Digital Athenaeus - Named Entity Annotation for Ancient Greek


Source: This use-case was kindly contributed by Monica Berti, Department of Digital Humanities, Universität Leipzig, Germany.

The Digital Athenaeus project is focused on annotating quotations and text reuses in the Greek text of the Deipnosophists of Athenaeus of Naucratis (2nd-3rd century CE). The goal is to provide an inventory of authors and works cited by Athenaeus and implement a data model for identifying, analyzing, and citing uniquely instances of text reuse in ancient Greek literature.

INCEpTION is used by the Digital Athenaeus project to extract and annotate named entities in the Greek text of the Deipnosophists, which is a rich collection of proper names pertaining to a wide variety of typologies like personal names, peoples, places, groups, languages, festivals, astronomical and meteorological phenomena, chronological data and currencies. Athenaeus’ work is also a huge mine of references to more than 900 authors of Classical literature and their writings.

NER has been performed semi-automatically on the text of the Teubner edition of the Deipnosophists by Georg Kaibel, which contains 264,750 tokens distributed in 15 books for a total of 1,328 paragraphs and 21,460 sentences. The result is the extraction of ca. 23,000 inflected forms of single named entities corresponding to more than 8,000 unique forms and more than 4,400 lemmata. Lemmata have been used to query external authority lists to disambiguate annotations. Data is stored in an SQL database, whose entries can be publicly interrogated in the Named Entities Digger and in the Named Entities Concordance of the Digital Athenaeus project.

INCEpTION is currently used to visualize, correct, and nest annotations of single ancient Greek named entities that have been semi-automatically extracted. Data has been imported into INCEpTION as TSV files generated according to the WebAnno TSV 3.2 file format.

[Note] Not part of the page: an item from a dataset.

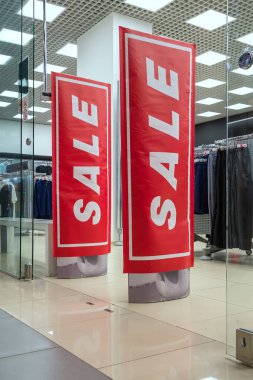 Sezon satış, black friday ve alışveriş konsepti. Kırmızı satış işareti ile giyim mağazası girişinde anti-hırsızlık sensörü kapıları. Arka planda giysiler.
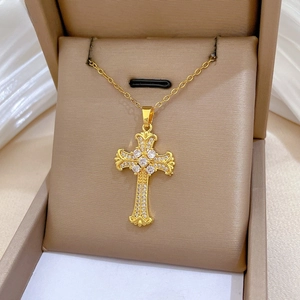 Dettaglio della collana in acciaio al titanio dorato con ciondolo a croce e cristalli lucidi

Each file includes the text of single paragraphs of the Deipnosophists with sentences split in separate lines. Figure 1 shows an example of a TSV file with annotated named entities and corresponding lemmata (Ath., Deipn. 1.7):

my alt text
Figure 1. TSV 3.2 file format (NEs and lemmata in Ath., Deipn. 1.7)

Figure 2 shows how pre-annotated data is visualized in INCEpTION in separate numbered lines. Single entities are annotated with two layers: one for the named entity tag, and the other for the lemma (Ath., Deipn. 1.7):

my alt text
Figure 2. INCEpTION: pre-annotated data (Ath., Deipn. 1.7)

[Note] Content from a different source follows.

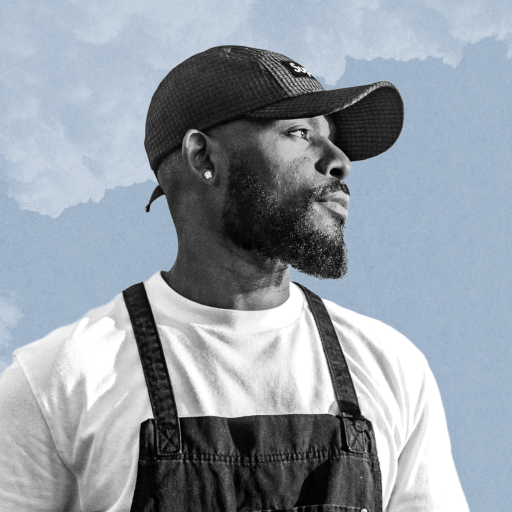 Davon Moseley, a man with a beard wearing a white shirt, black apron, and a cap, stands against a blue sky with clouds.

A layer called Ancient Greek Catalog has been created in INCEpTION to annotate named entities of the Deipnosophists that correspond to names of ancient authors and to descriptions/titles of ancient works. The reason for this layer is to disambiguate names of ancient authors and titles of works in order to produce a text-based catalog of Greek literature with annotations of ancient Greek inflected forms and their corresponding lemmata.

Figure 3 shows the same paragraph of figures 1 and 2 with the Ancient Greek Catalog layer, whose values correspond to CTS URNS that uniquely identify authors and works. Also, individual entities have been linked together in spans corresponding to real entities, as for example Ἀρχέστρατος ὁ Συρακούσιος ἣ Γελῷος (Archestratus from Gela or Syracuse), who is identified as urn:cts:greekLit:tlg1175. In the same line, different forms of the title of Archestratus’ work are identified with a CTS URN that also includes a reference to the author: urn:cts:greekLit:tlg1175.tlg0020.

my alt text
Figure 3. INCEpTION: Ancient Greek Catalog layer (Ath., Deipn. 1.7)

Future work will include complete NEs disambiguation and linking, and coreference resolution with a focus on entities related to ancient Greek authors and works.

The final goal is to use INCEpTION for linking entity mentions to knowledge bases and structured vocabularies for ancient Greek authors and works that will enable scholars to annotate other texts and generate a text-based catalog of ancient Greek literature.